● Assigned task
Every line from the first record below down to the line that includes "Monjolika Fashion Organza" must be reproduced exactly; the pictures are not.

☆ ☆ ☆

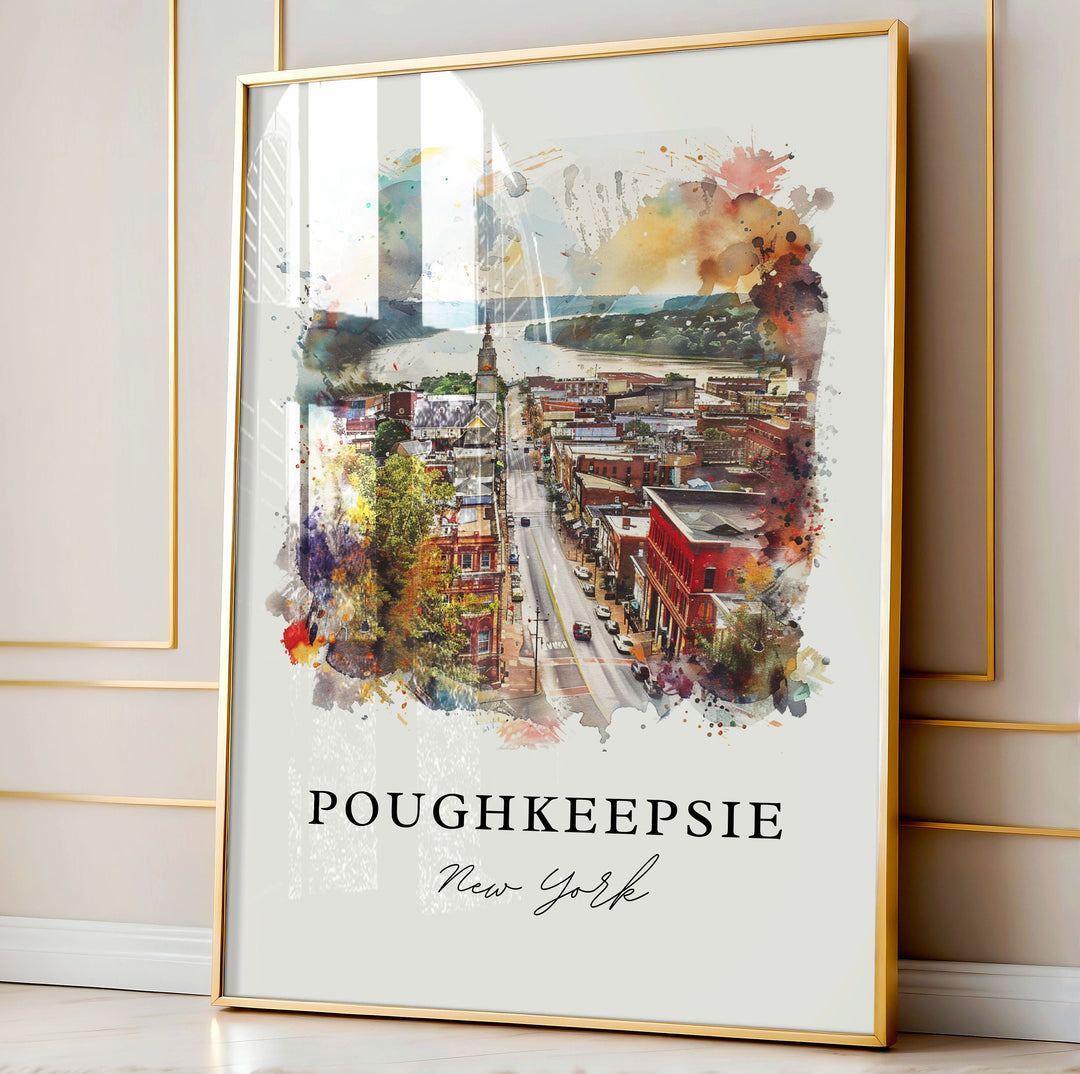 Poughkeepsie NY Wall Art, Dutchess County Print, Dutchess Cty Watercolor, Poughkeepsie Gift,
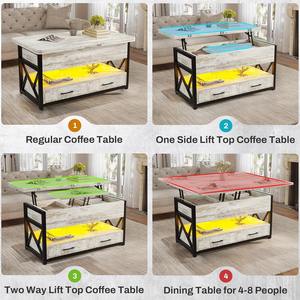 โต๊ะกาแฟโมเดิร์นสีขาว 4-in-1 แบบยกได้ พร้อมไฟ LED ลิ้นชักเก็บของ และระบบยกแก๊สปรับระดับได้ สำหรับห้องนั่งเล่นขนาดเล็ก - Product Image 4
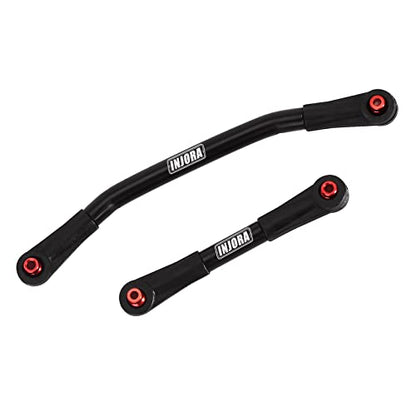 INJORA Steel Steering Link with Plastic Rod Ends for 1/24 SCX24（Black） - color: Black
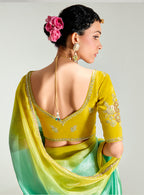 Monjolika Fashion Organza Tissue Yellow And Sea Green Sequins Embroidery Handwork Engagement Wear Saree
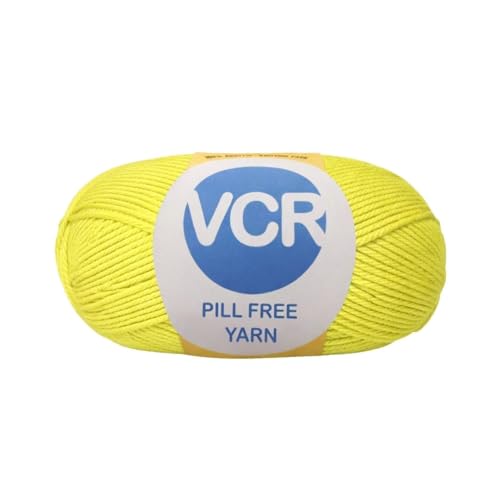Image of VCR Lime Yellow Yarn, Pill-Free Soft Knitting Yarn, 100 Grams Hank, 263 Meters Length, Low-Pill Acrylic Yarn, Soft Crosia Threads, Pack of 1, Suitable for Beanies, Caps and Gloves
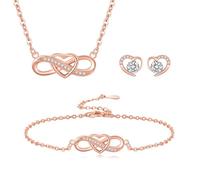 LYL.Adorer Parure de bijoux pour femme : Collier, Bracelet & Boucles d‘Oreilles Cœur Infini,Plaqué Or Blanc ou Rose, Cadeau Parfait pour Noël, Saint-Valentin & Fête des Mères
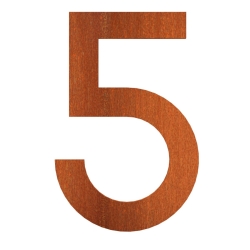 Huisnummer 5 - Cortenstaal (72x5x120mm)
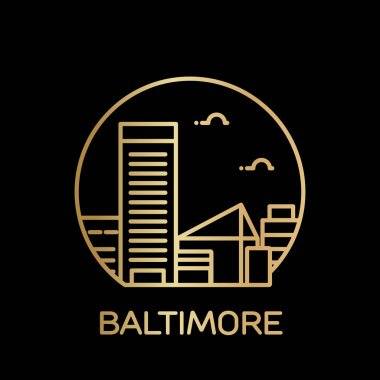vektör illüstrasyon kontur tasarımı manzarası şehir silueti gökdelenler ve siyah arka plan üzerinde metin Baltimore 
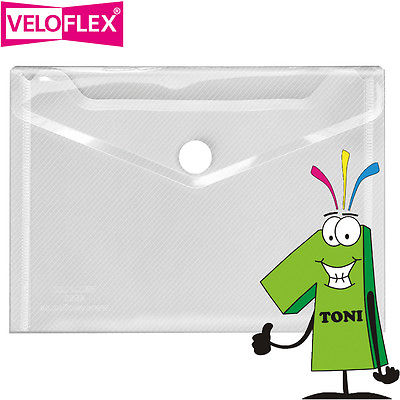10x Veloflex Dokumententasche A6 Crystal Doku-Tasche Klettverschluss transparent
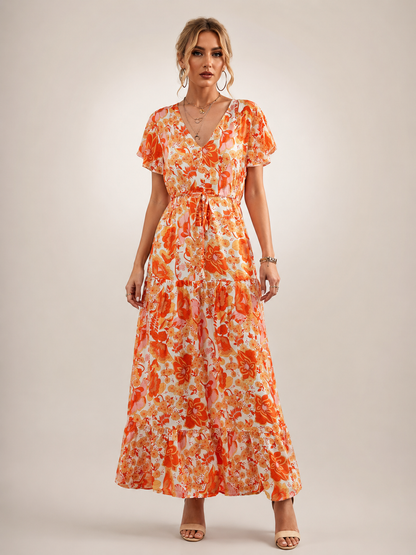 Dorothée — Robe longue à col V et volants, coloris Corail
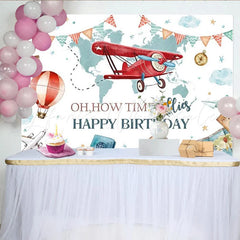 Lofaris Adventure Travel Biplane and Hot Air Balloon Party Backdrop Oh How Time Flies Happy Birthday Theme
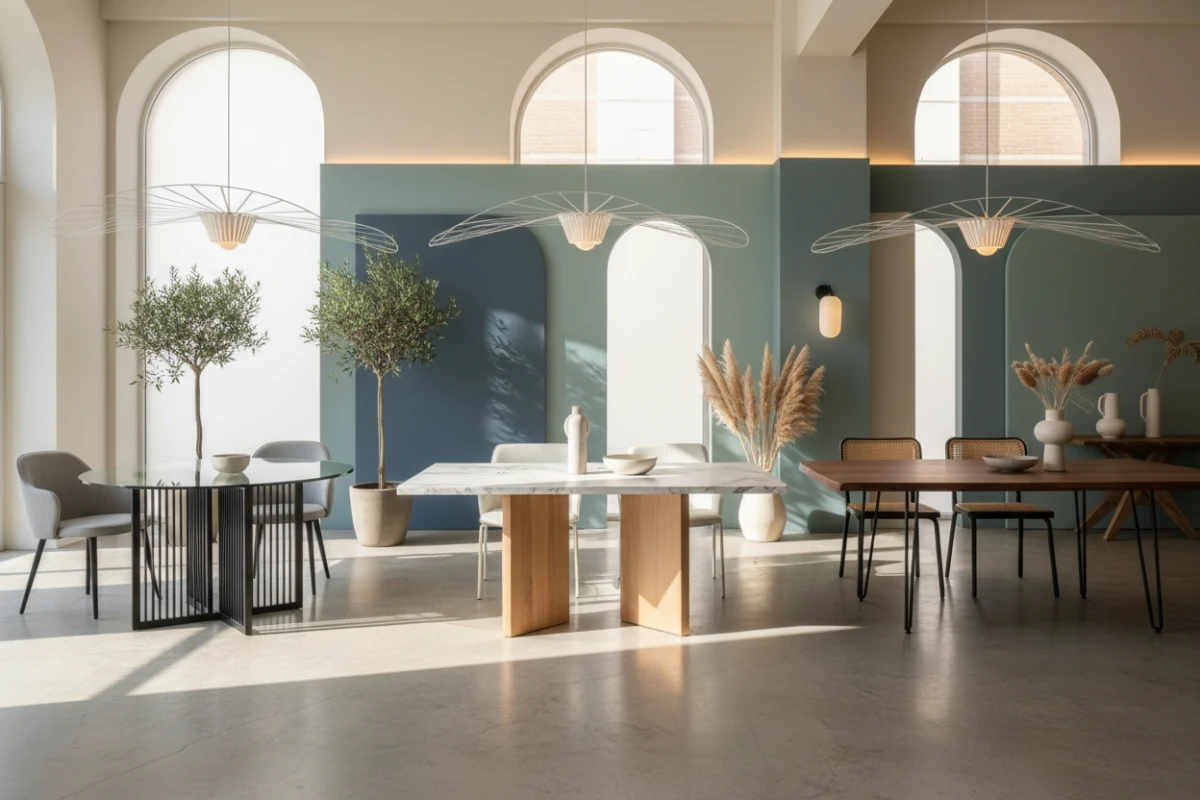Modern dining tables made of different materials on display in a showroom.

☆ ☆ ☆

● Solution to this task
 Poughkeepsie NY Wall Art, Dutchess County Print, Dutchess Cty Watercolor, Poughkeepsie Gift,
 โต๊ะกาแฟโมเดิร์นสีขาว 4-in-1 แบบยกได้ พร้อมไฟ LED ลิ้นชักเก็บของ และระบบยกแก๊สปรับระดับได้ สำหรับห้องนั่งเล่นขนาดเล็ก - Product Image 4
 INJORA Steel Steering Link with Plastic Rod Ends for 1/24 SCX24（Black） - color: Black
 Monjolika Fashion Organza Tissue Yellow And Sea Green Sequins Embroidery Handwork Engagement Wear Saree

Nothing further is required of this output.